Source data: Begin

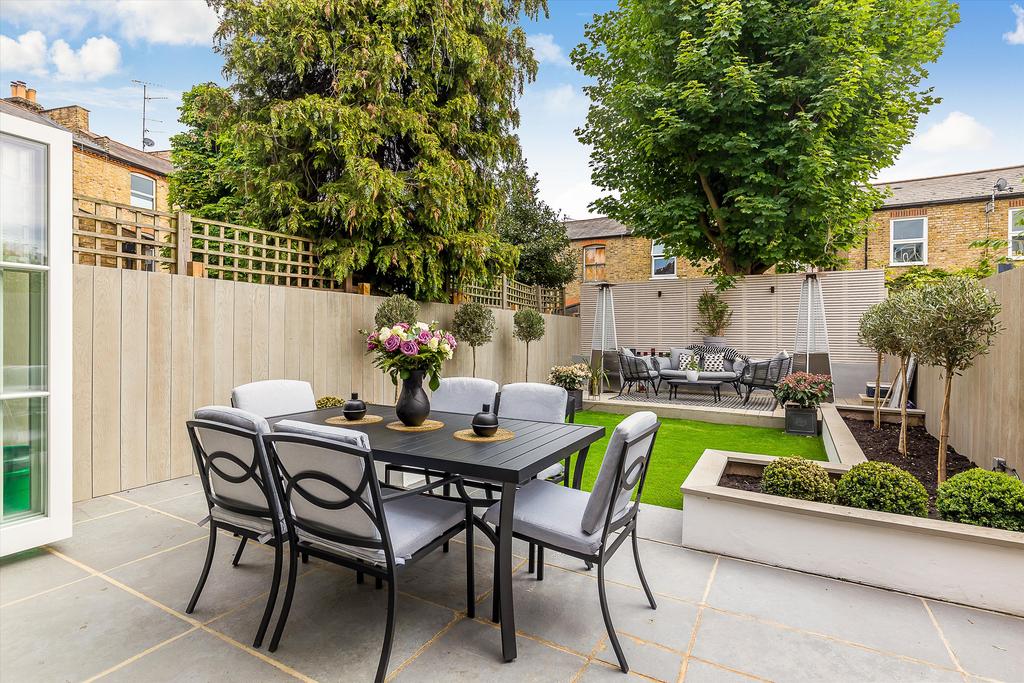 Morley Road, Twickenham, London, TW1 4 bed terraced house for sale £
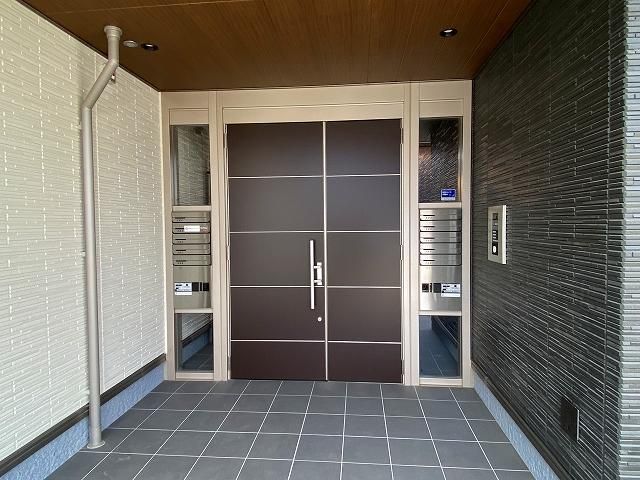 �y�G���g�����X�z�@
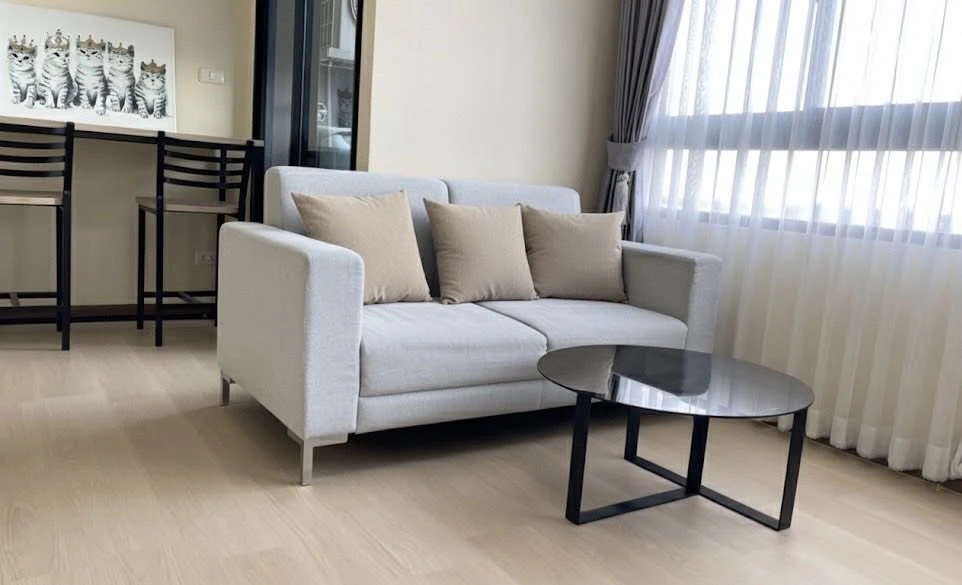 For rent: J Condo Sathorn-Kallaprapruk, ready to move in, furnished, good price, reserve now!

Source data: End

About this exercise
Make an exact copy of the listing above. Do not include the pictures.

Answer to the exercise
 Morley Road, Twickenham, London, TW1 4 bed terraced house for sale £
 �y�G���g�����X�z�@
 For rent: J Condo Sathorn-Kallaprapruk, ready to move in, furnished, good price, reserve now!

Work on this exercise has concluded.